From Prototype to Production: Vibe Coding the Gravity Road Website
We vibecoded our new website and we learned a lot.

When people talk about “vibe coding”, it’s often framed as a kind of creative sleight of hand: describe a website in plain English and let AI generate the code. The reality, from our collaboration with One Pixel Wide shows, is more pragmatic — and more revealing about where these tools genuinely add value.
At its simplest, vibe coding means using natural language to generate code. But as One Pixel Wide’s co-founder Peter Browse explains, there’s a meaningful distinction in how it’s applied. “There are two broad approaches,” he says. “One is fully code-agnostic, where you describe everything and trust the model to get close. The other is guided — where prompting is still doing a lot of the work, but it’s steered by someone who understands how a website should be structured.” For Gravity Road, the second approach proved essential.
The process didn’t start from scratch. The Gravity Road team had already built an early prototype in Replit, uploading designs and screenshots and prompting their way to something that looked and felt close to a finished site. That prototype mattered, Browse notes, because it captured intent. “It meant we weren’t starting from a blank page,” he says. “We had something that already expressed the direction visually and structurally.”

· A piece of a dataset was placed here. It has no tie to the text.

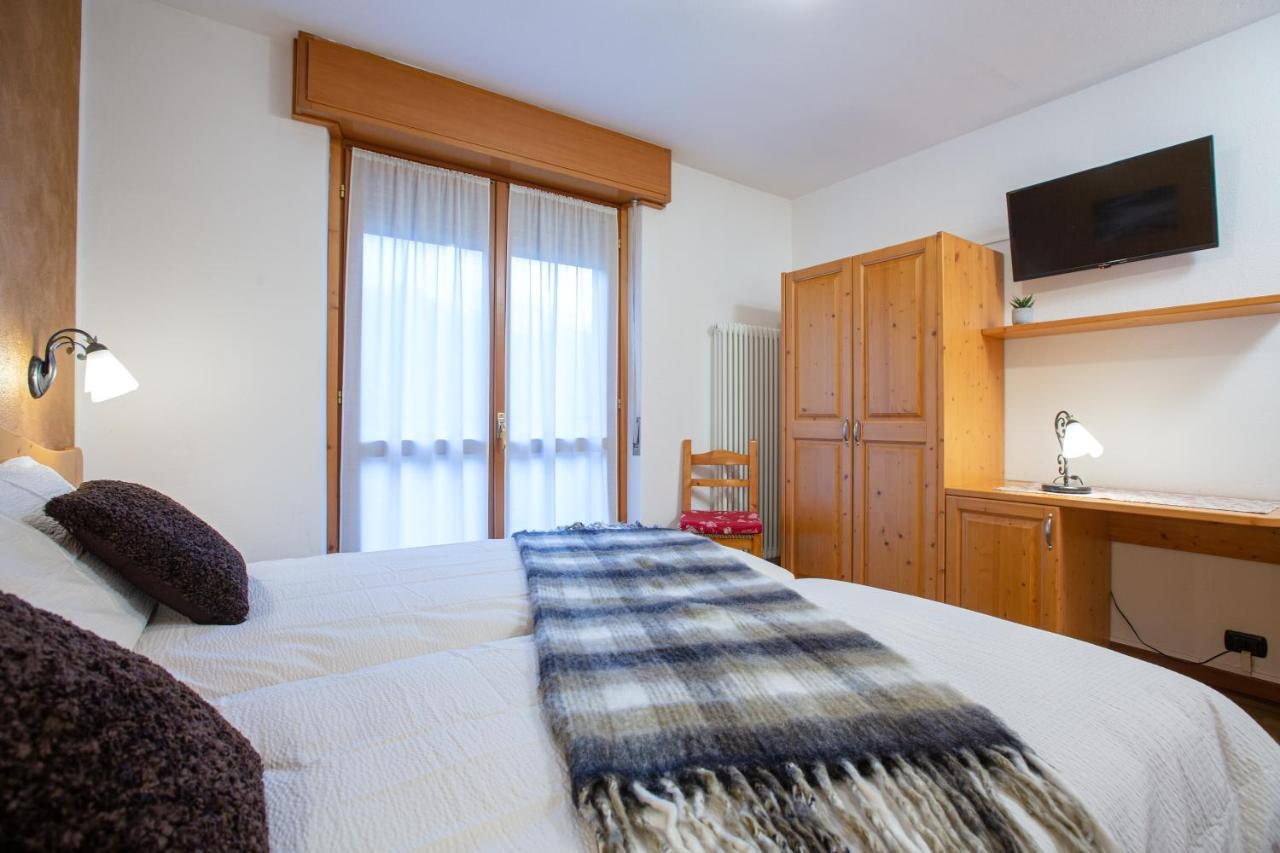 Hotel Biancospino Lanzada Bagian luar foto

Once the team dug into the prototype, however, its limitations became clear. “The code underneath wasn’t particularly clean,” Browse explains, “and there was a mismatch between what was rendering and what existed in the static files. In places, the agent had effectively overwritten itself.” Rather than attempting to patch those inconsistencies, the team made a deliberate decision to reset. A new repository was created and the site rebuilt properly, using the prototype as a reference point rather than a foundation.
In terms of output, vibe coding still played a substantial role. Compared with a traditional build, Browse estimates that “around 50 to 70 per cent of the work was driven through prompting.” Where it proved most powerful was in speed. “What vibe coding is very good at is getting you to a strong baseline quickly,” he says. “It replaces the need for boilerplate or blank templates and gives you something project-specific much earlier.”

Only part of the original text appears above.